Records contained in a dataset
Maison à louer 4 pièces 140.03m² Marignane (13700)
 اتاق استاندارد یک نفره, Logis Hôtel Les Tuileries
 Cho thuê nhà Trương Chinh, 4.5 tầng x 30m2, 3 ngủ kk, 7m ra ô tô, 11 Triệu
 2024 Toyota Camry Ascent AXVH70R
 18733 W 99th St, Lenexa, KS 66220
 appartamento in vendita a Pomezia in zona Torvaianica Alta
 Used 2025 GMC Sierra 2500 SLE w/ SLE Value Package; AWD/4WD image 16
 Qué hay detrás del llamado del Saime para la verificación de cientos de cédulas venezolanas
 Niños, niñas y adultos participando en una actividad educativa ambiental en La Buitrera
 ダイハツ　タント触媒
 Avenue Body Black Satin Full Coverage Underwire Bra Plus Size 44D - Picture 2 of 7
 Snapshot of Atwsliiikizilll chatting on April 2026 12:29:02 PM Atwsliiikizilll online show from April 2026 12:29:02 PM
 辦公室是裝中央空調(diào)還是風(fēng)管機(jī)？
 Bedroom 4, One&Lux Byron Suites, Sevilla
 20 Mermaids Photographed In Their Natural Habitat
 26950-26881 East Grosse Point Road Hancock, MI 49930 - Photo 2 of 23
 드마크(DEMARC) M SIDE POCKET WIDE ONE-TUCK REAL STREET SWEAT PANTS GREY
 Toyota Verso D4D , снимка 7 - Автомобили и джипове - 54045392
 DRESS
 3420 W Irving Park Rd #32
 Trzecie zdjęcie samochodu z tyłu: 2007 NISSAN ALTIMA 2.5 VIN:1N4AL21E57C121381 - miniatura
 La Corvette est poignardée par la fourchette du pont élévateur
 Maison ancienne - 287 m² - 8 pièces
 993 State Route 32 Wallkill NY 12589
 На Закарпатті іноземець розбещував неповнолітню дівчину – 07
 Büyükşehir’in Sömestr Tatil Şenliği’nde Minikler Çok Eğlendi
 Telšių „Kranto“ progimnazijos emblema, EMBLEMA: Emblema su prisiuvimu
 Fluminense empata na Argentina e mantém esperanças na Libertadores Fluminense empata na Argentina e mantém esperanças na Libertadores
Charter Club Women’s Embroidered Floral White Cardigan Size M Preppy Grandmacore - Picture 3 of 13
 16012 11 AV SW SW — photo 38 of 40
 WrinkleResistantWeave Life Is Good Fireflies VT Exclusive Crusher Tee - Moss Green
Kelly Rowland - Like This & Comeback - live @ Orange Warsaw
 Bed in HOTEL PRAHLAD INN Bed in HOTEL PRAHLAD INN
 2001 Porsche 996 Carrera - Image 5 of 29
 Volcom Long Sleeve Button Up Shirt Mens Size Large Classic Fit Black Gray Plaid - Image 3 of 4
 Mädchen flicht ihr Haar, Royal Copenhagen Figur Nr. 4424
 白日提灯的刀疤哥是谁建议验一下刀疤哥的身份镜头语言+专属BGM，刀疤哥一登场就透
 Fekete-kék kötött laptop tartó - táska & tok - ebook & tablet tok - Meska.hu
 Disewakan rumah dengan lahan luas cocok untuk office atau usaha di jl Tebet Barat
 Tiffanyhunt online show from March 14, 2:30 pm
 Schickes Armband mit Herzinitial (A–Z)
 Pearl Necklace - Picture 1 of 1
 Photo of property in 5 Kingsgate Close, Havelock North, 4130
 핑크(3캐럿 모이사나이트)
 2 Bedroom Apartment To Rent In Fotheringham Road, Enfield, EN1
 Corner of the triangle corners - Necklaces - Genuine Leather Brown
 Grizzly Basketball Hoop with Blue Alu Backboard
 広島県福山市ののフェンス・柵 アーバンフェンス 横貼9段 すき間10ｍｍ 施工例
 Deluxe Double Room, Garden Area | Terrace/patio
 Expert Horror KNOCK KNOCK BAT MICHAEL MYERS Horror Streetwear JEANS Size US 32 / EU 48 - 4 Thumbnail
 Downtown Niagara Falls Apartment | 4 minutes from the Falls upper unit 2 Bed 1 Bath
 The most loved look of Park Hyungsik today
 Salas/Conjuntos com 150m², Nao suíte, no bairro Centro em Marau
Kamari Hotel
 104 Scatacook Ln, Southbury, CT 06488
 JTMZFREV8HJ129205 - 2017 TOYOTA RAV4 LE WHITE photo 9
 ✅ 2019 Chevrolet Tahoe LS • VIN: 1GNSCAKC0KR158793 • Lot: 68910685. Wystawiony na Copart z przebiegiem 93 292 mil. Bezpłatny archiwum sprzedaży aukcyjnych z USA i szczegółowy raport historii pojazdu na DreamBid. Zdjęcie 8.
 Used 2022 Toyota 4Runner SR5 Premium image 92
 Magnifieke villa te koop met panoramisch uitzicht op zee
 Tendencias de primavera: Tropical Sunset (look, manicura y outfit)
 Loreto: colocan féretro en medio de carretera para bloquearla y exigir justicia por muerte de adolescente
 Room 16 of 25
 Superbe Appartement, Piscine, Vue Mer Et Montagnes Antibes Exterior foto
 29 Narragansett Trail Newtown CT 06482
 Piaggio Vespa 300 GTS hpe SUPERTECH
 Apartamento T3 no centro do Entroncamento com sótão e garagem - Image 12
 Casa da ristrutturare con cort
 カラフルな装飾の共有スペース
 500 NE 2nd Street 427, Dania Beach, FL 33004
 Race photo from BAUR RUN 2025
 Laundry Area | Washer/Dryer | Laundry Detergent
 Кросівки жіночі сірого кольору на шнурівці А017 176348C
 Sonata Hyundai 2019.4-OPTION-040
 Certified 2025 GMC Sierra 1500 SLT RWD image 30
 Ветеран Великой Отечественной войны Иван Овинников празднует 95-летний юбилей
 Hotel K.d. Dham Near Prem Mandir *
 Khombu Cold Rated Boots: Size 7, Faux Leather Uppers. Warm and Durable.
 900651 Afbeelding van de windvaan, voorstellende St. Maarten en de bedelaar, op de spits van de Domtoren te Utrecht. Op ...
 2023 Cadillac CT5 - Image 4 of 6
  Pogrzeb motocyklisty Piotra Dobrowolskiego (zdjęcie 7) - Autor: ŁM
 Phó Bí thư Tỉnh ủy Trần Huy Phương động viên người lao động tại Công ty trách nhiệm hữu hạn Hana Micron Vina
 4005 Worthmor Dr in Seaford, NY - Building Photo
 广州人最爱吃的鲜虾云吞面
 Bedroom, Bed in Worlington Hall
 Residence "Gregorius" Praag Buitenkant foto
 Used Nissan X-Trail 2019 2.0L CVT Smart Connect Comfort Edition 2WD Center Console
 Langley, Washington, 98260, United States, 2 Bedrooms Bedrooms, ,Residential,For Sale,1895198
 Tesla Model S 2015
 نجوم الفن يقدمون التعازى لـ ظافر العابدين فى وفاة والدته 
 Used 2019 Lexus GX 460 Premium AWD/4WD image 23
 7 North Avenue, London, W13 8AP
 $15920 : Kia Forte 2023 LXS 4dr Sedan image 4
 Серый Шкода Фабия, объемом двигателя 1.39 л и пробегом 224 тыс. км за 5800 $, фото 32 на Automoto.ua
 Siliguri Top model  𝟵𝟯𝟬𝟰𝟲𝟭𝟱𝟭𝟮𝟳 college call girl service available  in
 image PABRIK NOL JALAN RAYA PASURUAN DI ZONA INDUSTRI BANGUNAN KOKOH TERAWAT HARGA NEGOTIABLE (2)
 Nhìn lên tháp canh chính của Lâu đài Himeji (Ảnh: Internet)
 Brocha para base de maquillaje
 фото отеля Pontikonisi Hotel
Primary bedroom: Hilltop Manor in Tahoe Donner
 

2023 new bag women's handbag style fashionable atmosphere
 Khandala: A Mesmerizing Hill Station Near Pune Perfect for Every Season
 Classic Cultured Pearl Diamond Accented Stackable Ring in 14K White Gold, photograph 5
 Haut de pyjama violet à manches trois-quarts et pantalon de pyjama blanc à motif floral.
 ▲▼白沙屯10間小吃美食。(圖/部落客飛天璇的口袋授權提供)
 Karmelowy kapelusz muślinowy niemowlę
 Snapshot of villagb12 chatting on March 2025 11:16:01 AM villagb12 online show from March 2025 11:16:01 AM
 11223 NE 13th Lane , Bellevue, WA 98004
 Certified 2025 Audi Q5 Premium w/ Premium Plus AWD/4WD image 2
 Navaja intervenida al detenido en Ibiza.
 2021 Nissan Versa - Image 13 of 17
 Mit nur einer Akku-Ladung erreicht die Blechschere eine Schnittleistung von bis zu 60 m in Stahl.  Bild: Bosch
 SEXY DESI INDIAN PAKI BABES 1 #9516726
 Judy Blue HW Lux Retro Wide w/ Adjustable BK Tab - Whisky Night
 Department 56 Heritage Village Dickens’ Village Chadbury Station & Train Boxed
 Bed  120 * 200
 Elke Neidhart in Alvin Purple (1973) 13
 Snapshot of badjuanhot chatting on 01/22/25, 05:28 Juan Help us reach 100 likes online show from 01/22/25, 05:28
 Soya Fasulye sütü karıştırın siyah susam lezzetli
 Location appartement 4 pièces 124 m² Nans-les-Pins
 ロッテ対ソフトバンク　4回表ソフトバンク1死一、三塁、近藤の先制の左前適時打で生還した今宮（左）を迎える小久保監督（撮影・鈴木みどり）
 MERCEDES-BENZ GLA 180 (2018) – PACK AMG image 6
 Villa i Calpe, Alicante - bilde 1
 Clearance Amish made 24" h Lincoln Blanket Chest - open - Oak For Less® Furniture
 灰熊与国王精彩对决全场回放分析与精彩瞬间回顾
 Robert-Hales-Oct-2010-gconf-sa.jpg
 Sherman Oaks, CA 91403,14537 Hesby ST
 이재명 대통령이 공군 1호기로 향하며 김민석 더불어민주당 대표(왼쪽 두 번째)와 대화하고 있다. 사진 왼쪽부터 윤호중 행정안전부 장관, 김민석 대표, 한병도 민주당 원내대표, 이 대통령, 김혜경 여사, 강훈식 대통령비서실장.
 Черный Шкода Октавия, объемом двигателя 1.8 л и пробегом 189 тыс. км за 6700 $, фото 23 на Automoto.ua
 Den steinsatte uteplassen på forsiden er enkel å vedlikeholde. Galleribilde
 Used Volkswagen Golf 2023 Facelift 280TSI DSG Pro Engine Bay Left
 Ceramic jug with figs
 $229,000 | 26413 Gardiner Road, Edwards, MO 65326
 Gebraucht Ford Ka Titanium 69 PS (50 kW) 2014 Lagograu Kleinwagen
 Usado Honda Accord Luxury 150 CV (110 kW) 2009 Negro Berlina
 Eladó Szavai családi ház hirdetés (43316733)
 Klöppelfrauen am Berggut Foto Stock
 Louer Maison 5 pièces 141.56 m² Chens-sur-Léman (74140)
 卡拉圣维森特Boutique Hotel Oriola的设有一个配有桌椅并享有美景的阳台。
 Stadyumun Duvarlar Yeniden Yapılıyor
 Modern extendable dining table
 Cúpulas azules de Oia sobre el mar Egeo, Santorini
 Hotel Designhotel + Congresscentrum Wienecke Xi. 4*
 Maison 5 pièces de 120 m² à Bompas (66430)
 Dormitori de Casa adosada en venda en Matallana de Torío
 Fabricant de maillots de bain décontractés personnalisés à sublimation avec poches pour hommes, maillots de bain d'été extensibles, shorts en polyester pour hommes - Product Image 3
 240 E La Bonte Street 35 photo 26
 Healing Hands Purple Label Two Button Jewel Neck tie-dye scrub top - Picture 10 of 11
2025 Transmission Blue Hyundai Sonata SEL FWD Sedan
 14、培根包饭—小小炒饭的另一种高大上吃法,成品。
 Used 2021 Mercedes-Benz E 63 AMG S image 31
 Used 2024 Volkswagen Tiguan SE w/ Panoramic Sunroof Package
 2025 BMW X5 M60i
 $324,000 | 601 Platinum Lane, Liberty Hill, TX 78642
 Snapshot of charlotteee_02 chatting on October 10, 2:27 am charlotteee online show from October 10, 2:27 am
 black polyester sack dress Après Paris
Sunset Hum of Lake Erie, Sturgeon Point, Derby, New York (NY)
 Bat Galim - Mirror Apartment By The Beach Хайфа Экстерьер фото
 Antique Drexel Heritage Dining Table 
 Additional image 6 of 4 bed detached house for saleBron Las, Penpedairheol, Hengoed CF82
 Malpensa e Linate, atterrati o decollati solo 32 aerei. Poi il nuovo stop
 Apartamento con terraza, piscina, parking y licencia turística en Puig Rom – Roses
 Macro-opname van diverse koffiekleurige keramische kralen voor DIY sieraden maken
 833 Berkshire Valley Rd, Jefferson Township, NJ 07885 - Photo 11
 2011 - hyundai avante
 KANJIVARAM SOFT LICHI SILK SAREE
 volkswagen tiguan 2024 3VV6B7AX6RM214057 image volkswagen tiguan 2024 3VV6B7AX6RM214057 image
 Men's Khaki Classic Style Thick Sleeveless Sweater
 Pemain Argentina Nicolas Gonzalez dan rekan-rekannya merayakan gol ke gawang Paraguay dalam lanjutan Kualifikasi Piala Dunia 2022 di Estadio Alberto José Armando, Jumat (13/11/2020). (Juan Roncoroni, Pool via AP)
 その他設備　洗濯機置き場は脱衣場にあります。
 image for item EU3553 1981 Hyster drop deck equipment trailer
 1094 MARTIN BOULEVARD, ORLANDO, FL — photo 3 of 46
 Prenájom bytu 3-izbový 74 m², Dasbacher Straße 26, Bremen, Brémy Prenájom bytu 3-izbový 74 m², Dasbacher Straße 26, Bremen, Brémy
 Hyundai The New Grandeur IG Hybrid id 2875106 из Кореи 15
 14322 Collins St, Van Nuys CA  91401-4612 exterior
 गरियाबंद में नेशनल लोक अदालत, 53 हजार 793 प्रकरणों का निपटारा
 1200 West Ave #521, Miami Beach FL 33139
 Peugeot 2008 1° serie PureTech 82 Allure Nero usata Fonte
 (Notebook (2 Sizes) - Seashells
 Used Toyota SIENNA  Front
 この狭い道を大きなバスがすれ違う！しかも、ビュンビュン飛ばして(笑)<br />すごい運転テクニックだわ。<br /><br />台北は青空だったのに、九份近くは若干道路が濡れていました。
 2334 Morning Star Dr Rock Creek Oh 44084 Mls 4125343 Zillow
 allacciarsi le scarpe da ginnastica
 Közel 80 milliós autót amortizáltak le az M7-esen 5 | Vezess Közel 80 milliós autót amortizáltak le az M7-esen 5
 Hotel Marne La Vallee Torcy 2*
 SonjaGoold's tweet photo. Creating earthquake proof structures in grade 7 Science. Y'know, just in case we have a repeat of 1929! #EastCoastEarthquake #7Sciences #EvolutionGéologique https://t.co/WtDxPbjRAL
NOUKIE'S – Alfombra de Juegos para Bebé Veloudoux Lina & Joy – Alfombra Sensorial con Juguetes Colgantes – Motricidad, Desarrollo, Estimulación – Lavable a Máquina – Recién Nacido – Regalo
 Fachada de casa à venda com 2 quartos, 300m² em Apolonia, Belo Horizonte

◆ **WHAT THE EXERCISE ASKS**
Only the lines above starting at the one containing "240 E La Bonte Street 35 photo 26" and ending at the one containing "1094 MARTIN BOULEVARD, ORLANDO, FL", both included, are to be returned, exactly as they read.

◆ **ANSWER FOR THIS EXERCISE**
 240 E La Bonte Street 35 photo 26
 Healing Hands Purple Label Two Button Jewel Neck tie-dye scrub top - Picture 10 of 11
2025 Transmission Blue Hyundai Sonata SEL FWD Sedan
 14、培根包饭—小小炒饭的另一种高大上吃法,成品。
 Used 2021 Mercedes-Benz E 63 AMG S image 31
 Used 2024 Volkswagen Tiguan SE w/ Panoramic Sunroof Package
 2025 BMW X5 M60i
 $324,000 | 601 Platinum Lane, Liberty Hill, TX 78642
 Snapshot of charlotteee_02 chatting on October 10, 2:27 am charlotteee online show from October 10, 2:27 am
 black polyester sack dress Après Paris
Sunset Hum of Lake Erie, Sturgeon Point, Derby, New York (NY)
 Bat Galim - Mirror Apartment By The Beach Хайфа Экстерьер фото
 Antique Drexel Heritage Dining Table 
 Additional image 6 of 4 bed detached house for saleBron Las, Penpedairheol, Hengoed CF82
 Malpensa e Linate, atterrati o decollati solo 32 aerei. Poi il nuovo stop
 Apartamento con terraza, piscina, parking y licencia turística en Puig Rom – Roses
 Macro-opname van diverse koffiekleurige keramische kralen voor DIY sieraden maken
 833 Berkshire Valley Rd, Jefferson Township, NJ 07885 - Photo 11
 2011 - hyundai avante
 KANJIVARAM SOFT LICHI SILK SAREE
 volkswagen tiguan 2024 3VV6B7AX6RM214057 image volkswagen tiguan 2024 3VV6B7AX6RM214057 image
 Men's Khaki Classic Style Thick Sleeveless Sweater
 Pemain Argentina Nicolas Gonzalez dan rekan-rekannya merayakan gol ke gawang Paraguay dalam lanjutan Kualifikasi Piala Dunia 2022 di Estadio Alberto José Armando, Jumat (13/11/2020). (Juan Roncoroni, Pool via AP)
 その他設備　洗濯機置き場は脱衣場にあります。
 image for item EU3553 1981 Hyster drop deck equipment trailer
 1094 MARTIN BOULEVARD, ORLANDO, FL — photo 3 of 46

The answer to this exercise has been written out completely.